• ACTIVITY
Leaving out all pictures, copy the lines below exactly, from the line with "49 CACTUS, Homosassa, FL 34446" to the last line, both ends included.

• COLLECTED DATA
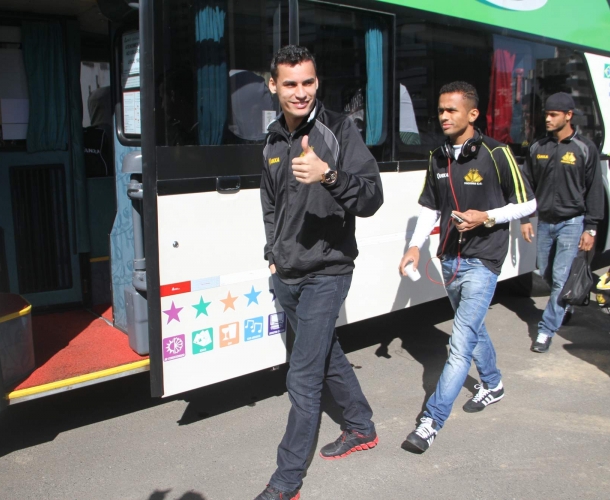 Criciúma busca título do Catarinense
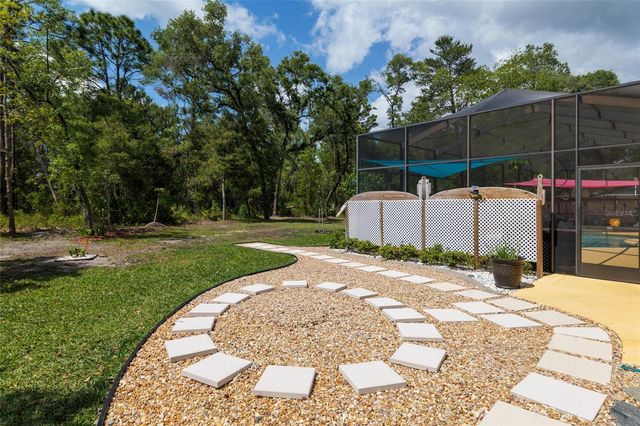 49 CACTUS, Homosassa, FL 34446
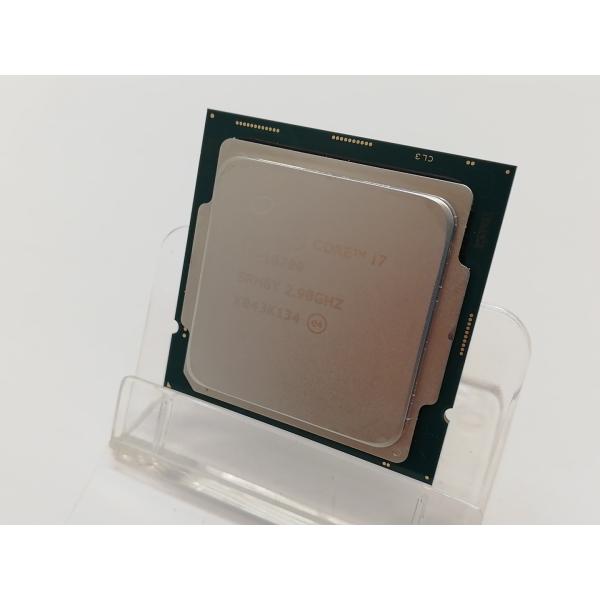 中古】Intel Core i7-10700 (2.9GHz/TB:4.8GHz) bulk LGA1200/8C/16T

• SOLUTION TO THIS PROBLEM
 49 CACTUS, Homosassa, FL 34446
 中古】Intel Core i7-10700 (2.9GHz/TB:4.8GHz) bulk LGA1200/8C/16T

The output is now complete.